The Vibrapod Company

623 Hanley Industrial Court
St. Louis, MO 63144
Phone (314) 645-2900
Fax     (314) 645-6700

This review is from the Autumn 1998 issue of Listener.
Vibrapod isolators.
Manufactured by the Vibrapod Company
623 Hanley Industrial Court
St. Louis, MO 63144

(314) 645-2900

Pod People
Look out, y'all.
Review by Bruce Kennett

Don't you love it? An audio accessory that only costs $6 each instead of 3-for-$149.99?

    I am not generally interested in tweako stuff, preferring to flop on the sofa and listen to music rather than mess with the hi-fi. But when Art asked if I would listen to these things, I hesitated just slightly too long -- enough to have him pounce and say Done deal. And actually, now that I'm on the other side of the experience, I'm glad I took on the assignment. I recognize and respect the pleasure that tweaking brings to some audio hobbyists, and the continuing sense of gradual improvements that they can bring to their home systems. Not only is the Vibrapod tailor-made for these folks, it should appeal even to confirmed gearphobes.

    The Vibrapod looks like a shiny black flying saucer, and is intended to go under your audio equipment in place of rubber feet, cones, ebony tetrahedrons, or the like. It's the brainchild of Sam Kennard, an audiophile in St. Louis who happens to run a company that makes specialty gaskets and other plastic shapes for various industries. On a small scale, Kennard's invention is just another of those epiphanies that are sprinkled throughout history: Alexander cutting the Gordian Knot, Chuck Goodyear spilling rubber on the stove, the Swiss inventor of Velcro realizing why burrs were sticking to his Golden Retriever -- and now Sam and the Pod.

    At this particular St.

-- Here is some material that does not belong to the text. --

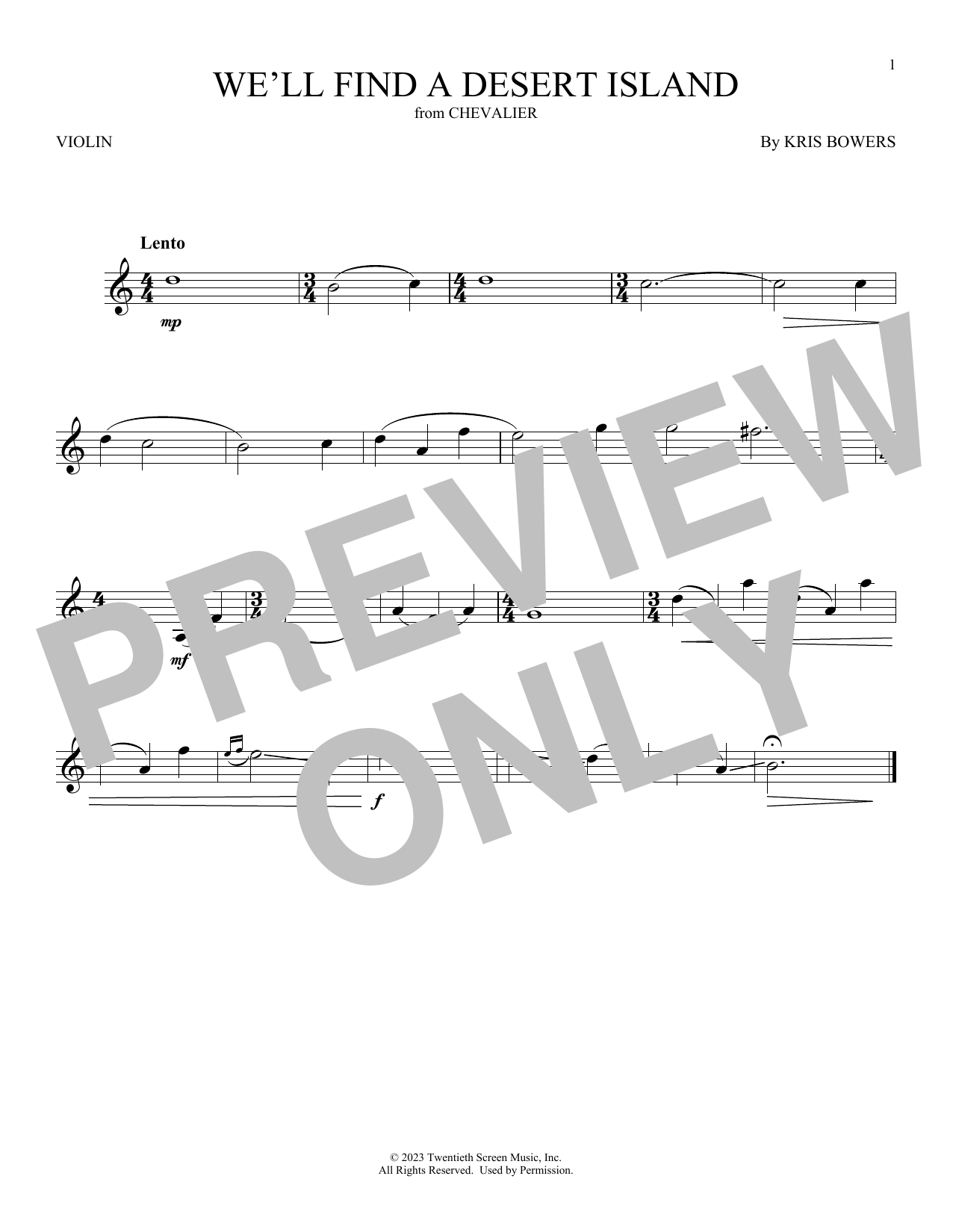 Download Kris Bowers We'll Find A Desert Island (from Cheval Sheet Music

Louis workplace, people like to play music (some of Sam's employees are audiophiles, too). One day, in the midst of all this industrial energy -- no Persian carpets and lights-out stuff here -- the CD player started skipping. Sam grabbed some compliant vinyl gaskets from the production line and shoved them under the player, which then stopped skipping. Then and there, Sam knew he was on to something -- and with the materials and machinery at hand, he set to work.

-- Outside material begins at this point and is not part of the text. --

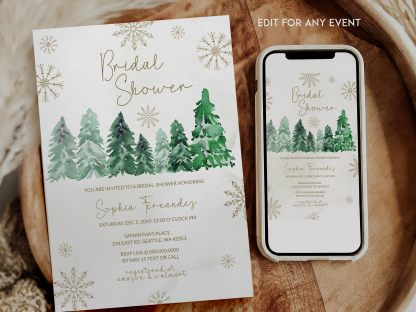 Winter pine bridal shower invitation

    The result is a series of weight-specific feet, each one accepting a range of loads, but also having an optimum value for highest performance. The Vibrapod is 2.5 inches (10cm) in diameter, with a thicker, heavier base (plinth?) than the thinner and lighter donut floating on top. The donut is quite flexible, and partially collapses under the weight of the component, thereby sending vibrations down to its periphery, which is made up of several different -- and thicker -- wall sections. The inside of the donut ends up at the base, with a small hole formed in the center. This means you can put the pods donut-side-up, just sitting on a shelf, and put the component on top of them. Or you can use the small holes to mount the pods as feet onto the underside of the component, in which case the donuts will face downward.

    All Vibrapods look the same, but are made up of different wall thicknesses, and may even vary in their chemical composition. All are made from vinyl, and smell just like the squeezable coin pouch Aunt Lucille gave you for your sixth birthday. They are deep black, with a wet-shiny surface, and very nicely made -- entirely the product of rational manufacturing rather than following the hand-assembly model that also appears frequently in audio circles.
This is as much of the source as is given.